Sans précédent ? Mais où étaient-ils en 2017, quand la Colombie-Britannique a connu la pire saison d’incendies jamais enregistrée, qui a causé quatre tempêtes de pyrocumulonimbus simultanées ? Où étaient-ils en 2016, quand la ville de Fort McMurray a brûlé des jours durant en même temps que 6 000 km2 de forêt ?

Le “bruit” des fluctuations climatiques

Non, la situation actuelle n’est pas sans précédent. Suis-je en colère ? Oui. À la fin des années 1970, les experts d’Exxon eux-mêmes prédisaient que l’augmentation du CO2 d’origine industrielle ne se fondrait bientôt plus dans le “bruit” des fluctuations climatiques imprévues et serait mesurable à travers la hausse des températures mondiales, tout particulièrement dans les latitudes élevées comme celles du Canada.

J’ai commencé l’écriture de mon dernier livre, Fire Weather, en 2016, quelques jours seulement après que Fort McMurray a disparu dans un pyrocumulonimbus de 14 kilomètres de hauteur provoqué par les incendies.

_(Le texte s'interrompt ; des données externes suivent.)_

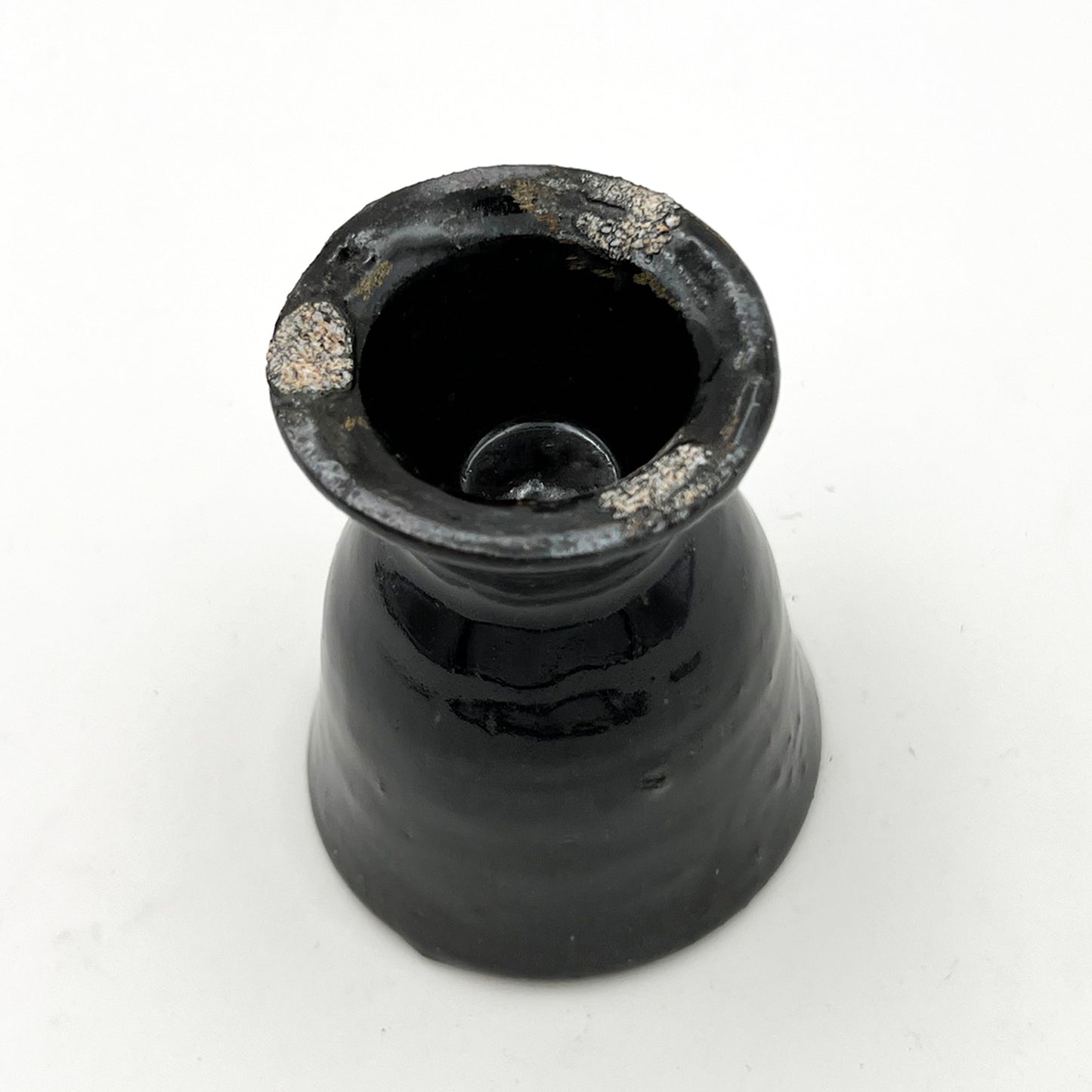 Cup_Shigeyoshi Morioka 67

Déjà à l’époque j’avais compris que si un incendie pouvait causer de tels ravages dans une ville prospère de la région subarctique, alors que les lacs étaient encore gelés et la rivière Athabasca bordée de blocs de glace, il était facile d’imaginer les dégâts qu’un feu de ce genre pourrait causer dans des villes plus au sud où les constructions en bois abondent, comme Vancouver, ou dans les zones périurbaines où vivent actuellement la moitié des Canadiens et un tiers des Américains.

Une menace annoncée

Cela fait plus d’un demi-siècle que la menace est connue, et elle s’abat aujourd’hui sur nous avec une fureur redoublée. La saison des grands incendies est de plus en plus longue, et les feux de plus en plus destructeurs. C’est ce que j’appelle “les feux du XXIe siècle”, parce que c’est avec le nouveau siècle que les incendies sont devenus hors norme. Avant l’an 2000, les tempêtes de feu des pyrocumulonimbus étaient des phénomènes extrêmement rares. Aujourd’hui, elles sont monnaie courante. L’Alberta en a connu plusieurs durant la seule première semaine de mai.